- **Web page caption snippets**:
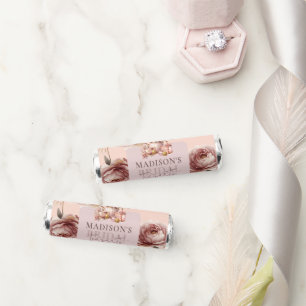 Watercolor Bridal Tea Shower Personalized Breath Savers® Mints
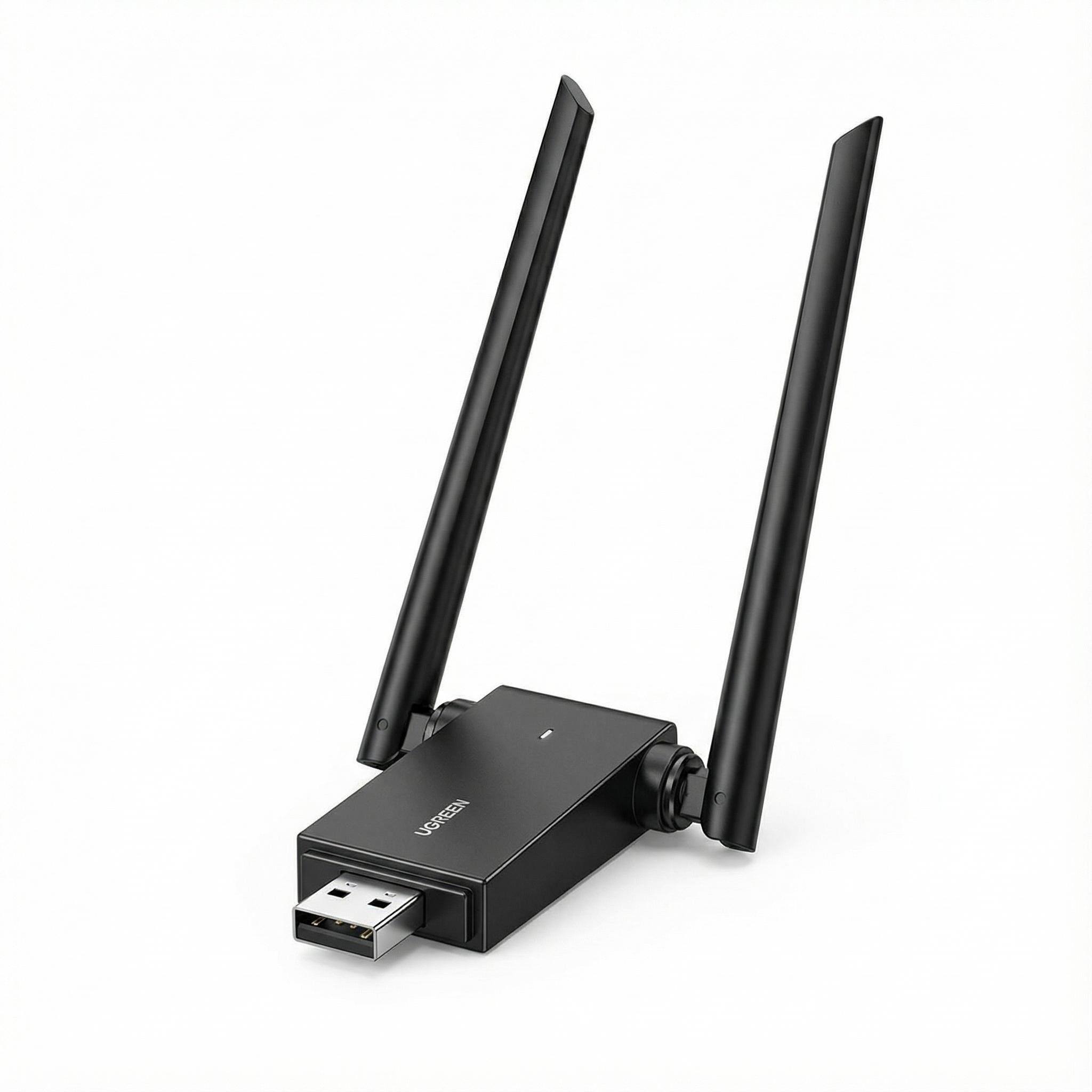 Wi-Fi адаптер двухдиапазонный UGREEN CM493 AC1300/USB 3.0 Черный (50341)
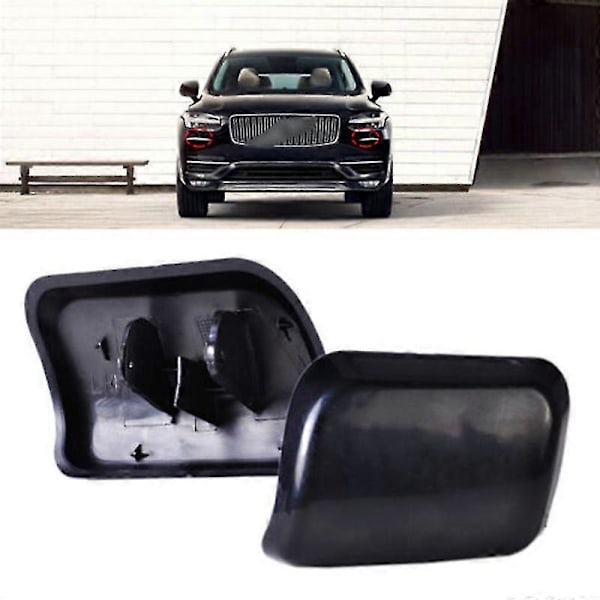 Deksel for spyledyse til frontlykt, venstre og høyre side for XC90 2002-2006 30698209 30698208[HK] black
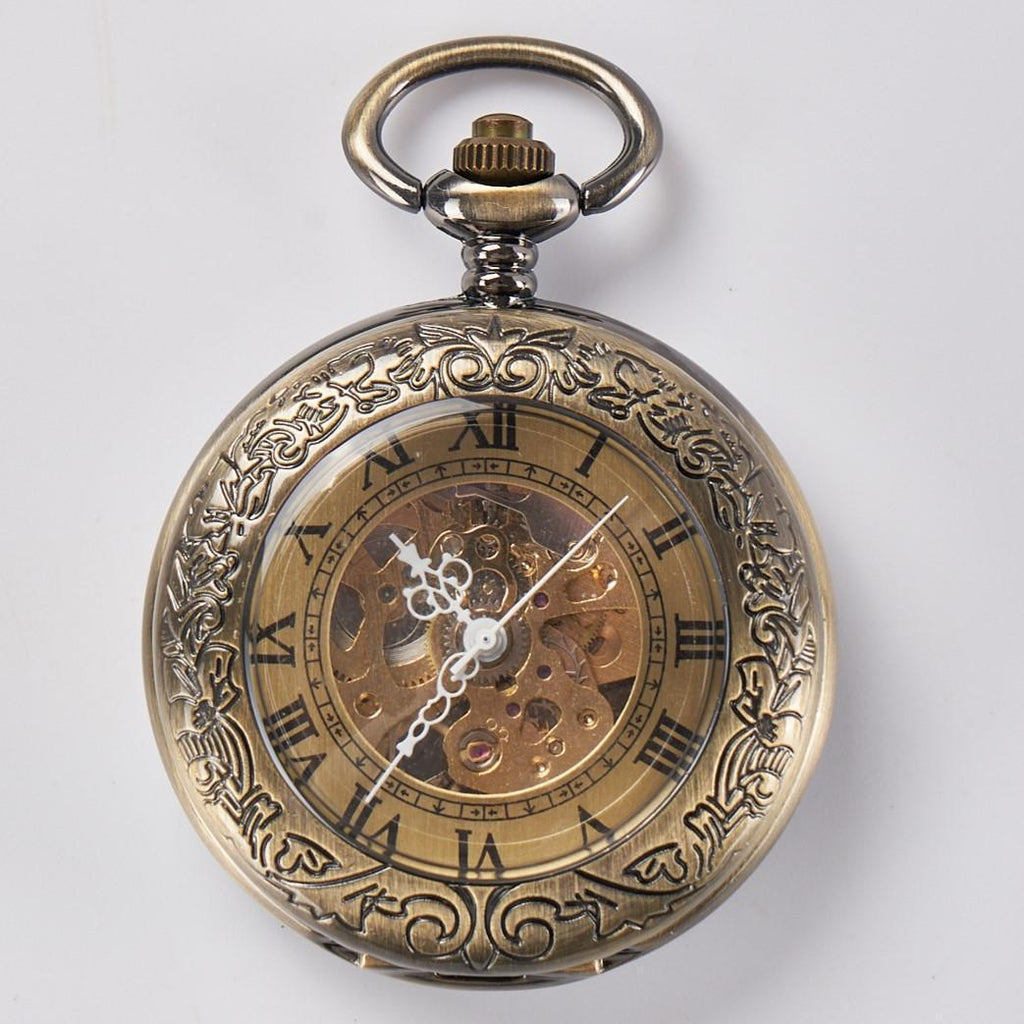 Mechanische Skelett-Taschenuhr Vintage – Ansicht 4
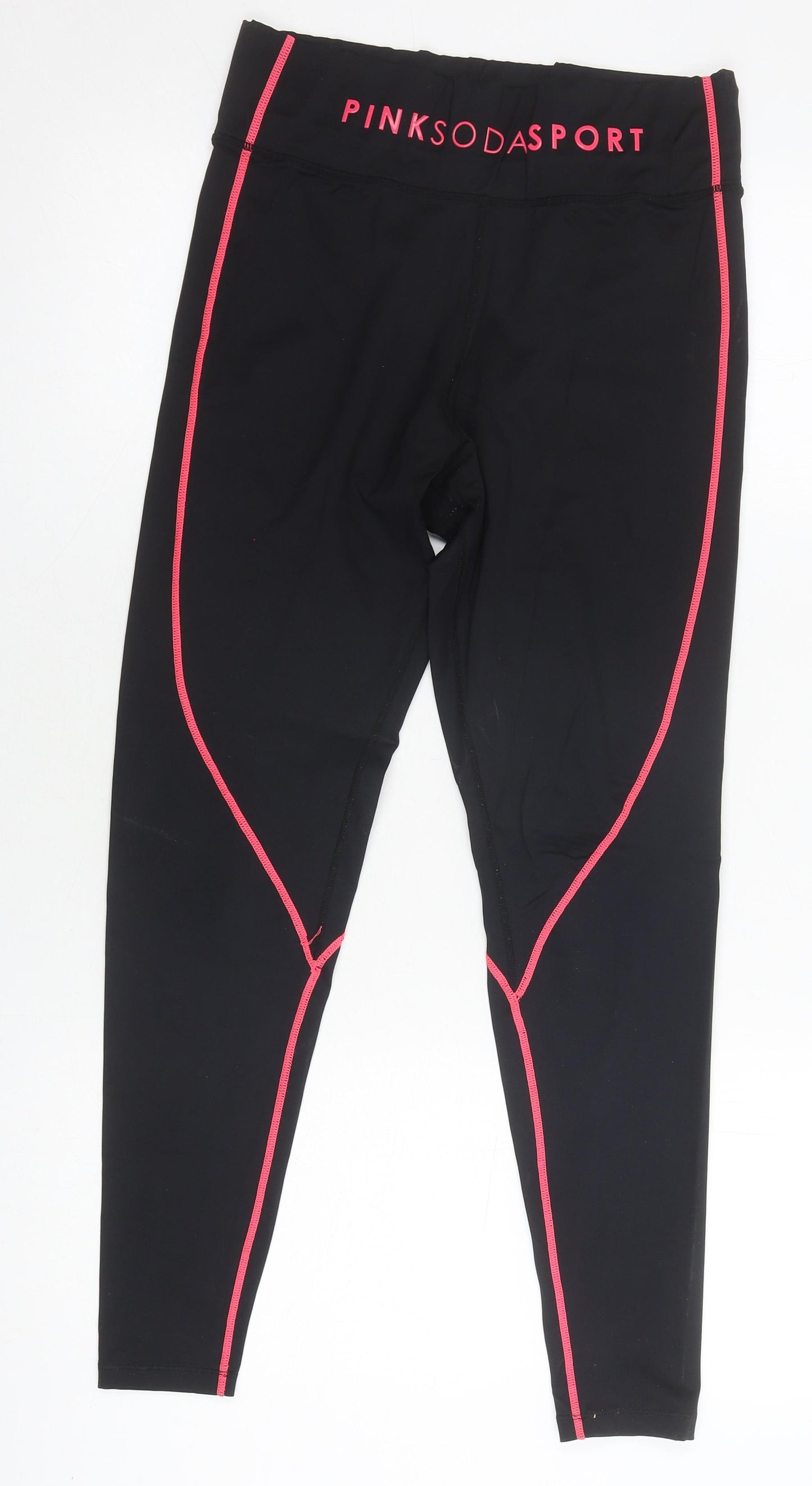 Pink Soda Sport Women's Black Leggings Size 12 Activewear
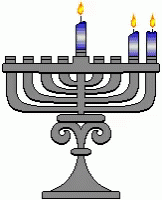 Hanukkah Candle Lighting Visuals GIF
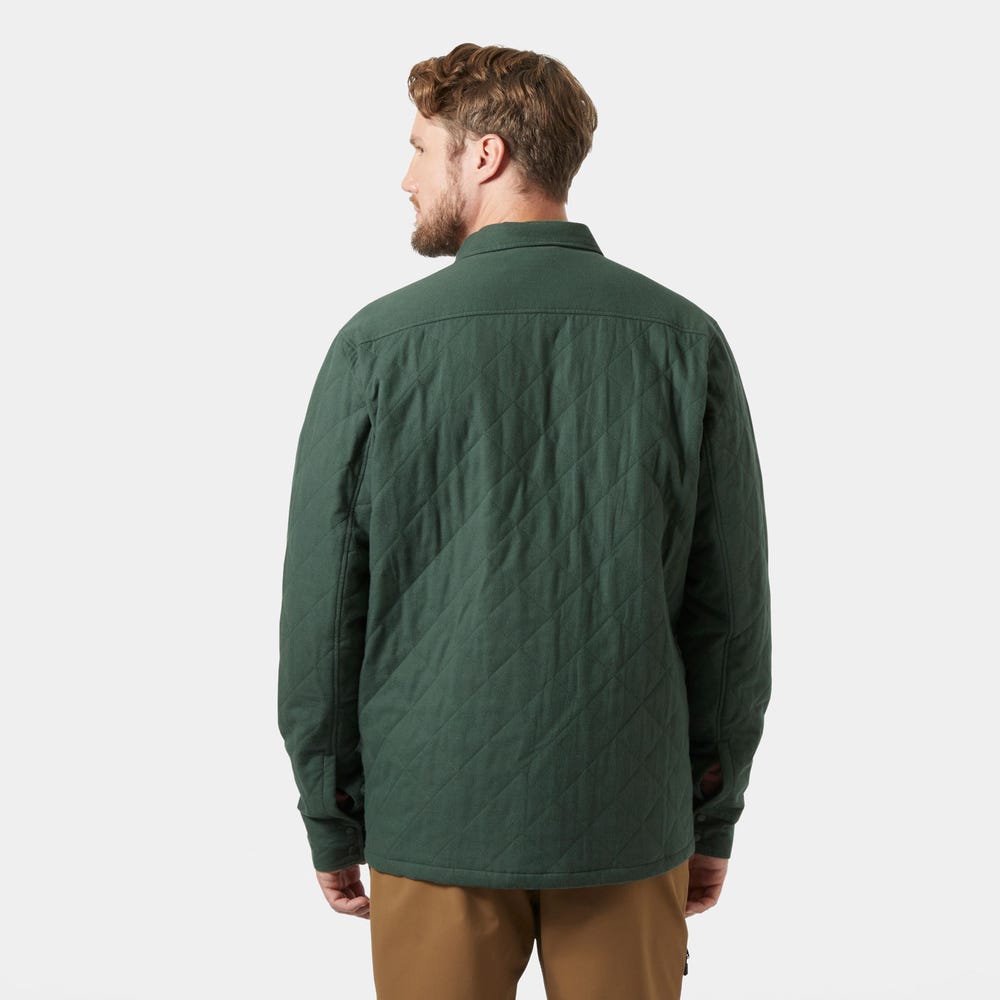 Men's Insulated Shirt Jacket - Dark Blue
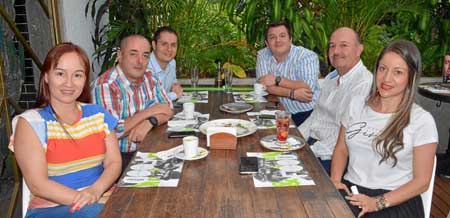 Manuela Hoyos Ramírez, Javier Ignacio Wolff, Mario Fernando Ortiz Marín, Juan Carlos Pardo Urbina, Rafael Ocampo Arango y Diana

- **EXERCISE DESCRIPTION**:
With pictures left out, repeat exactly the lines from the one containing "Hanukkah Candle Lighting Visuals GIF" through the last line of the data above, inclusive, and nothing else.

- **EXPECTED ANSWER**:
 Hanukkah Candle Lighting Visuals GIF
 Men's Insulated Shirt Jacket - Dark Blue
 Manuela Hoyos Ramírez, Javier Ignacio Wolff, Mario Fernando Ortiz Marín, Juan Carlos Pardo Urbina, Rafael Ocampo Arango y Diana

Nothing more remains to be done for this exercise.